Начинает неудержимо рыдать. Макс прижимает его рыжую голову к своей груди, гладит по спине. Смотрит через окно в сад- Уже начинает темнеть. Во дворе толпа друзей и соседей по Шишкину Лесу.
— С кем там Котя говорит? — смотрит в окно Степа. — Что это за тип? Я его где-то видел. Кто это?
— Ты не мог его нигде видеть. Это следователь.
— Почему следователь? Лешу убили?
— Не думай сейчас об этом.
— Его убили из-за этих денег?
— Яне знаю.
— Значит, теперь не надо ничего продавать? Макс болезненно морщится.
Через окно видно, как в сад входит и присоединяется к молчаливой толпе знакомых наш сосед Павел Левко. Обнимает Котю.

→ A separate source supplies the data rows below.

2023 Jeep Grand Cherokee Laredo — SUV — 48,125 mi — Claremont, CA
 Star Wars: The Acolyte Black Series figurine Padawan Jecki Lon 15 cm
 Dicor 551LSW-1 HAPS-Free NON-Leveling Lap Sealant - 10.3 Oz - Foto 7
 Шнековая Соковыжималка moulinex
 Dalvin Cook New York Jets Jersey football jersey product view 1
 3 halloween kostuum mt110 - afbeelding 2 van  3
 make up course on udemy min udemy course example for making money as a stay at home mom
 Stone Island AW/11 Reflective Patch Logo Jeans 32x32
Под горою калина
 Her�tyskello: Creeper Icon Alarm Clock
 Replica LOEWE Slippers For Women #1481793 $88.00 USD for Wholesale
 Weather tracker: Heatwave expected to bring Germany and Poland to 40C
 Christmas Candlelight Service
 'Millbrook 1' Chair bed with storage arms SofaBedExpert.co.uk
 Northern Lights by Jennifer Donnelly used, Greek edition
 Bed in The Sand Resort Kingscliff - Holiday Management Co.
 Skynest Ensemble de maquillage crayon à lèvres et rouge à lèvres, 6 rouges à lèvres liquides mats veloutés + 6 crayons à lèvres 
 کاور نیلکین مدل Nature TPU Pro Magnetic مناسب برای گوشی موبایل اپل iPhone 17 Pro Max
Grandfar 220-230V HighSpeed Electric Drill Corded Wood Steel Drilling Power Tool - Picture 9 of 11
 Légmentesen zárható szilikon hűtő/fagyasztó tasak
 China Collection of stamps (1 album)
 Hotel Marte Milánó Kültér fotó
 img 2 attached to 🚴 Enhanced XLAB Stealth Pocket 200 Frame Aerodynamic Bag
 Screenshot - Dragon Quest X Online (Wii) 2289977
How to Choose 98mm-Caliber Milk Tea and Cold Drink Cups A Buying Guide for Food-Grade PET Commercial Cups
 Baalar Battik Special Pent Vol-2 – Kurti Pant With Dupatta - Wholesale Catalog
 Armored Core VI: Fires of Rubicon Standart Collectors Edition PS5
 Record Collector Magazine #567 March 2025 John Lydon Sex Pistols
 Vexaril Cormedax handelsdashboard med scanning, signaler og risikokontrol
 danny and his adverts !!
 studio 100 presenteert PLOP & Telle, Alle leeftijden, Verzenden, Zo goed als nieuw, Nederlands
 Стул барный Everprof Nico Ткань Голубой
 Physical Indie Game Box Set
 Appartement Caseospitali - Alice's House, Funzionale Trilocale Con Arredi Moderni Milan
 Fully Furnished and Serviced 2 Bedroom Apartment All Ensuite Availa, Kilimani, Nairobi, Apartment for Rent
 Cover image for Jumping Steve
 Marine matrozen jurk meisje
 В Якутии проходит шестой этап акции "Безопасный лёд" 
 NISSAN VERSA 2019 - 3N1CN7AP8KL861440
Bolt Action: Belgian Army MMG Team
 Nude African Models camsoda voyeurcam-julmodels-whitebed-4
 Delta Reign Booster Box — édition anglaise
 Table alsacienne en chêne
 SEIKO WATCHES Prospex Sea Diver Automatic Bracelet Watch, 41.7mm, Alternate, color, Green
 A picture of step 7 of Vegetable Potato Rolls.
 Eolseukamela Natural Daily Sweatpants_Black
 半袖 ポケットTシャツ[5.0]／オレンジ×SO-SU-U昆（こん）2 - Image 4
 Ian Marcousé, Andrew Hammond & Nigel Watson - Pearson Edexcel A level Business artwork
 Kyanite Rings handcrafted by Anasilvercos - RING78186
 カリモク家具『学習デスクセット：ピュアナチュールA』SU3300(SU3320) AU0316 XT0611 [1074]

Огонь на месте катастрофы уже потушен. Пожарные поливают из шлангов остатки искореженного металла. В облаках пара бродят какие-то люди с фонариками, подбирают и складывают что-то в пластмассовые мешки.
На опушке леса тоже собралась толпа зевак, и Таня кидается от одного к другому.
— Вы ребенка не видели? Мальчик, пять лет, в красной маечке!..
Петьку никто не видел, а на улице уже начинает темнеть. Быстро темнеет.
Во дворе у нас совсем темно. Толпа перед домом разошлась. Машин на улице тоже нет. Нина сидит одна на крыльце, курит, неподвижно глядя перед собой. Откуда-то доносятся звуки телевизора. Начинается передача «Спокойной ночи, малыши». Нина гасит сигарету и входит в дом.
Моя жена Нина — молчаливый, незаметный человек. Остальные Николкины — все яркие личности, но на ней, на Нине, держится все. Тихо и всегда вовремя она делает и говорит простые, мелкие, незаметные вещи, без которых все бы у нас совсем рассыпалось. Вот и сейчас — все в шоке, а Нина уже в кухне, надевает передник, высыпает в раковину из пакета картошку и начинает ее мыть.
В гостиной совсем темно. Котя наливает себе и Левко по полстакана рябиновой. Павел Левко нюхает свой стакан.
— Еще не настоялась, а все равно букет, — удивляется он. — Сколько твой дед сахару кладет? Ложку на литр?
— Не знаю, — говорит Котя.
— Я кладу, как он, — ложку на литр. И водка та же, «Русский стандарт». Но у него сивухой не отдает, а у меня, блин, отдает.
Котя молчит. Вспоминает недавние разговоры со мной. Разговоры у нас с ним были неприятные. О поведении Тани.
— И рябина вроде та же, — продолжает Павел. — Твой дед моему деду давал отросток. Но ваша сивухой не отдает. Ну, давай. Молча.
Пьют молча.
— Ты сказал следователю про этот звонок?
— Нет.
— Ну и молоток. Менты все равно не смогут вам помочь, только навредят. А что следователь тебе сказал?
— Там все сгорело. Они еще не знают, что случилось.
— И никогда не узнают.
У Коти из глаз текут слезы.
— Ты держись, — говорит Павел. — Сейчас тебе нельзя распускаться. Ты понимаешь, почему тебе позвонили?
Котя вытирает глаза.
— Они тебе позвонили, чтоб ты понял — долг все равно придется платить. Они знают возможности вашей семьи. Вы можете заплатить.
— Но это был его долг.
— А ты не вникай в их логику. Это заказное убийство. Их не найдут. Они знают, что их не найдут.
Никогда не находят. И если вы не заплатите — следующим будет кто-то из вас. Надо заплатить.
— Девять миллионов? — усмехается сквозь слезы мой сын.
— Я понимаю, у вас таких денег нет. Но надо найти. И три миллиона я тебе дам.